Displaying 4–8 of 13 comments

Christian Man

October 25, 2012  5:15pm

...These are relatively small, common, piecemeal acts--and indeed, it is on that fine-grained level that much of Berry's work focuses. Therefore he has many things to say to those of us who live in cities. To mark him as "N/A" for urban evangelicalism is a little like saying evangelicalism has nothing to learn from Catholicism. Only a superficial comparison would lead you to dismiss the wisdom of that religion altogether. (2/2)

Christian Man

October 25, 2012  5:13pm

Mr. Meader, you could have dug much deeper. Community,ecology, sex, family--there are so many issues Berry has written on that are of import for life, urban, rural or somewhere in between. Naturally his writings on agriculture have limited practical adaptation to lived urban experience, and I certainly think he says some misguided things, but then again the lives of urban evangelicals are obviously complex, and not defined only by their being urban.

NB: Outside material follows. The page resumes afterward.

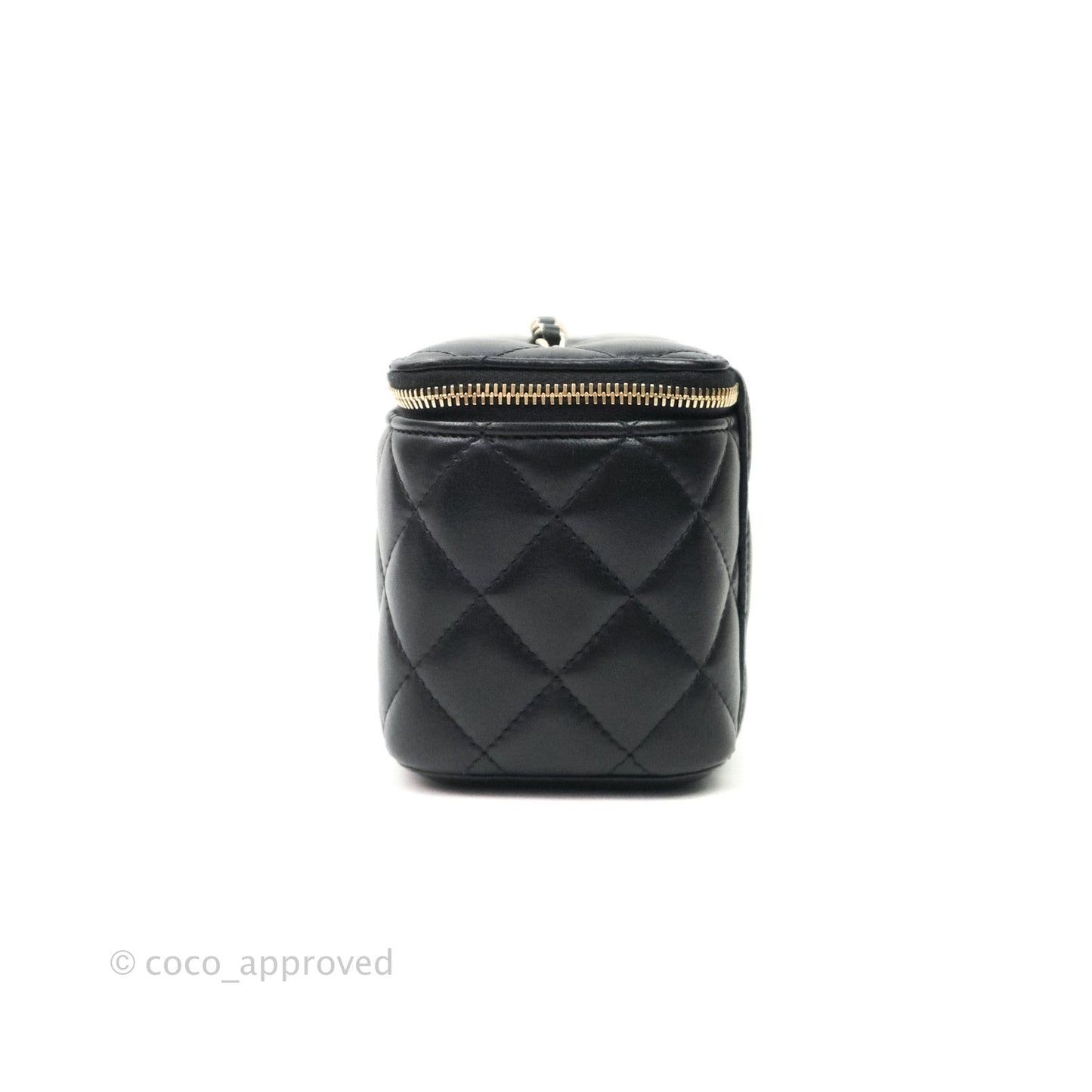 Chanel Vanity with Classic Chain in Black Lambskin Gold Hardware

So, a more complex treatment of the question, "What good is Berry for urban evangelicals?" might consider how an agrarian cultural vision affects political activism (i.e., petitioning Congress to pass a new Farm Bill), consumer spending (voting with one's dollars by purchasing sustainably-produced food), attitudes towards neighbors("Neighbor, let us break bread together!"), transportation decisions (buying a small sedan instead of a large SUV), etc...(1/2)

No Name

October 25, 2012  3:14pm

I think you may have misunderstood the meaning of the word ascetic. This is a bit disconcerting considering you are writing about theology. I suggest having someone more intelligent proofread your works.

Restoring Eden

October 25, 2012  12:25pm

A lot of what the author brings up is why we at Restoring Eden (Christians for Environmental Stewardship) launched our Creation Reveals program. Encouraging more urban Christians to get outdoors and experience the ways in which creation reveals the things of God. Especially, in our our world of noise and distractions, it is important for Christians to create a space to slow down and connect with God by surrounding themselves with His handiwork. – “For by Him all things were created” (Colossians 1:16). As Wendell Berry has demonstrated, we have a lot to learn about God, community, and ourselves in doing so! http://restoringeden.org/ Nick

Jonathan Nicolai-deKoning

October 25, 2012  10:20am

Well-done! A couple other gifts that Wendell Berry brings to urban Christians . . . One, he has helped me see my particular, local place within my city - my local neighbourhood - as a place to be cherished and to put down roots. The second gift is the recognition that urban places depend very much for their health and well-being on the smaller towns and villages that surround them. It is in those places that urbanites' food is grown, resources are extracted, etc. He argues, convincingly I think, that urban and rural places must work toward a more reciprocal, mutually beneficial relationship, rather than one of 'colonizer' and 'colonized' (as Berry described the relationship in one of his essays).